ST. PETERSBURG - The Rays reached the halfway point of the season Saturday night, sitting fourth in a division that's a bit tighter than most predicted it would be 81 games ago.
The Red Sox are the surprising leaders in the American League East. The Orioles are proving last year was not a fluke. The Yankees are somehow managing to keep it together in spite of all the injuries. The Blue Jays, for all their offseason noise and recent 11-game winning streak, sit in last place.
Rays manager Joe Maddon predicts the division will remain this way through September with no team pulling away and none falling too far off the pace. If true, that will make for one heck of a stretch run as all five teams fight for the division title and, more than likely, one of the two wild-card slots.
It also bodes well for the Rays, who have had an interesting first half filed with injuries and stretches of good hitting/no hitting, good starting pitching/no starting pitching and good relief pitching/no relief pitching.
At least they can catch the ball.
Every so often it all comes together and this team looks like one that can eventually catch the Red Sox. Of course, it would help if they could beat the Red Sox - three wins in 12 games with seven remaining.
So what do we know about the 2013 Rays at the midpoint of the season?
Wil Myers is ready, and the Rays seem a better team with the rookie in right field.
"He's kind of been a breath of fresh air for the club," bench coach Dave Martinez said. "We've played pretty well since he's been here."
Evan Longoria is going to battle injuries, the plantar fasciitis in his right foot the latest in a long line of leg and foot injuries that have plagued him over the years.
Yunel Escobar can play all-star caliber defense at shortstop.
There is plenty of life in James Loney's bat to go with his Gold Glove defense.
Jose Lobaton can handle things as a big-league catcher.

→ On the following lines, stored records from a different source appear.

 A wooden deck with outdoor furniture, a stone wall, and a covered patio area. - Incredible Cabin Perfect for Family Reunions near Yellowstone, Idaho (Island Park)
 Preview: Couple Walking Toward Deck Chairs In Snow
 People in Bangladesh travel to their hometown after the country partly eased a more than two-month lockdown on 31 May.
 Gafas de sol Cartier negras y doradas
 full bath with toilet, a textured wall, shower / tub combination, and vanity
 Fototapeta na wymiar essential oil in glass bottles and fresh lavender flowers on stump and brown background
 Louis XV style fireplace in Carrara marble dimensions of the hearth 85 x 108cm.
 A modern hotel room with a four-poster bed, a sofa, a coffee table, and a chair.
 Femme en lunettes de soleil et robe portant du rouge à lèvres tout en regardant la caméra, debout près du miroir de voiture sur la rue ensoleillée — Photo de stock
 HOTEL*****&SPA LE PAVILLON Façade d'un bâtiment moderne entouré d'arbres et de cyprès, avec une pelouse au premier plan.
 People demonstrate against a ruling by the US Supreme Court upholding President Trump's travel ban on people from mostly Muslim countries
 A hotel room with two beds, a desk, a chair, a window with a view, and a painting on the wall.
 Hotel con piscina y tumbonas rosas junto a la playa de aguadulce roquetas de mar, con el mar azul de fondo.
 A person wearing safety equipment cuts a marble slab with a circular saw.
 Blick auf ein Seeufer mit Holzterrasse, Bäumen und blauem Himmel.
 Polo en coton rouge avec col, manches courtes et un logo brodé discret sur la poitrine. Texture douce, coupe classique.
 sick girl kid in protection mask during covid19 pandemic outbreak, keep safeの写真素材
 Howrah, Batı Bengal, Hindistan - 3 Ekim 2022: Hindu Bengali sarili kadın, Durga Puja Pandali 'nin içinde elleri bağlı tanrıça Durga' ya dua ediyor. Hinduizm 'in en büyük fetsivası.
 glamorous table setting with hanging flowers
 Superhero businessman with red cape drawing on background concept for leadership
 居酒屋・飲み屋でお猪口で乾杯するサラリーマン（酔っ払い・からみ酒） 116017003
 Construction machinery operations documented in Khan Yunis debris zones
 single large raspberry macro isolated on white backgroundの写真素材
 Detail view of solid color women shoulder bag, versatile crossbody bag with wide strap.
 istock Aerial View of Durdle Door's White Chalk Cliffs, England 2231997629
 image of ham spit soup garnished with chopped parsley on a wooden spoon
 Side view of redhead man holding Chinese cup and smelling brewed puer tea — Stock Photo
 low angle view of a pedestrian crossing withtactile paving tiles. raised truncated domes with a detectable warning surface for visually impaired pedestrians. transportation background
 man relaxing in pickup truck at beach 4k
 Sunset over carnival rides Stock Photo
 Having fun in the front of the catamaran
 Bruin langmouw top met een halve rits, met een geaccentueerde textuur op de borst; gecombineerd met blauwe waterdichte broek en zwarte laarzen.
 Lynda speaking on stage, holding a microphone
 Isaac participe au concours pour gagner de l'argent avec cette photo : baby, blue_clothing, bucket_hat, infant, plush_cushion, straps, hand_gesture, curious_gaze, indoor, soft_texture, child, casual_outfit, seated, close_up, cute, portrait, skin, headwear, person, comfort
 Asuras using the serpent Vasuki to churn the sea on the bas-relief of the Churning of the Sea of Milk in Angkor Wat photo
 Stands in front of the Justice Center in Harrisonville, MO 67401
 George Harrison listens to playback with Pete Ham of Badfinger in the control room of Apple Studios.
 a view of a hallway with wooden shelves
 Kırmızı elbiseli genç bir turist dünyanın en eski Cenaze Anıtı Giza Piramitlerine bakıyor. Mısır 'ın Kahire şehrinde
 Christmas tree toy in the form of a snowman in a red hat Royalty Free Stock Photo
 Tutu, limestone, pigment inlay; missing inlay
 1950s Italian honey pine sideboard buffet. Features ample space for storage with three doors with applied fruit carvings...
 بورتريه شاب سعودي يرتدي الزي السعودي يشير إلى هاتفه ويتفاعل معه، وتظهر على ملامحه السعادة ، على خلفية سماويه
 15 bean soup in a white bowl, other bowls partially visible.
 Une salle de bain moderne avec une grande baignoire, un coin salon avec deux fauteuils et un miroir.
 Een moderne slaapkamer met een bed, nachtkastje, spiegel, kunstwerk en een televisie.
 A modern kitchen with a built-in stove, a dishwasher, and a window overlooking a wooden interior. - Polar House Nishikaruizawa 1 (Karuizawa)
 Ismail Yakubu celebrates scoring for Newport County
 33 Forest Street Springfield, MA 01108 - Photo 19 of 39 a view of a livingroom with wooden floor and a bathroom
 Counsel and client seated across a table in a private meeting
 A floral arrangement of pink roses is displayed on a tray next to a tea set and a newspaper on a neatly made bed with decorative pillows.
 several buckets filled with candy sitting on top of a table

The biggest surprise, of course, is the starting pitching. No one expected David Price to begin the year 1-4 with a 5.24 ERA in his first nine starts. His return Tuesday from a left triceps strain will give the team a jolt if he returns closer to his 2012 Cy Young Award-winning form.
Price's injury and the concussion sustained by Alex Cobb tested the organization's depth at starting pitcher. Jake Odorizzi pitched well in the third of his three starts. Alex Colome has been OK in his past two starts, Chris Archer went into Saturday's start against the Tigers excited to keep rolling with the changes to his deliver made before his previous start at Yankee Stadium.
Matt Moore is the lefty racking up the wins through the first half. Jeremy Hellickson seems to have licked the mind-boggling meltdowns that sabotaged more than a few solid outings.
After a shaky start to the season, the bullpen is working well. Fernando Rodney looks like he did in 2012, and late-inning leads are once again safe.
The offense is much more productive, especially with runners in scoring position, though you wouldn't know that when they play the Red Sox or Tigers.
Escobar and Lobaton and, yes, even Jose Molina, have added life to the bottom of the order.
The Rays were 43-38 at the halfway point last year with an anemic offense and horrible infield defense.
Those problems have been fixed. It's the pitching that needs to be more consistent. A healthy Price and Cobb can do wonders toward that end.
The good news is the Rays begin a stretch Monday where they play 14 games against the Astros (seven), Twins (four) and White Sox (three). Not a bad way to gain some ground on the division, especially since they come out of the break with a 10-game road trip through Toronto, Boston and New York.
The Rays need to stay healthy, obviously, and they need to have more days when the offense, starting pitching and bullpen work in sync. Especially the starting pitching.
And it will help if Maddon's prediction about the division rings true.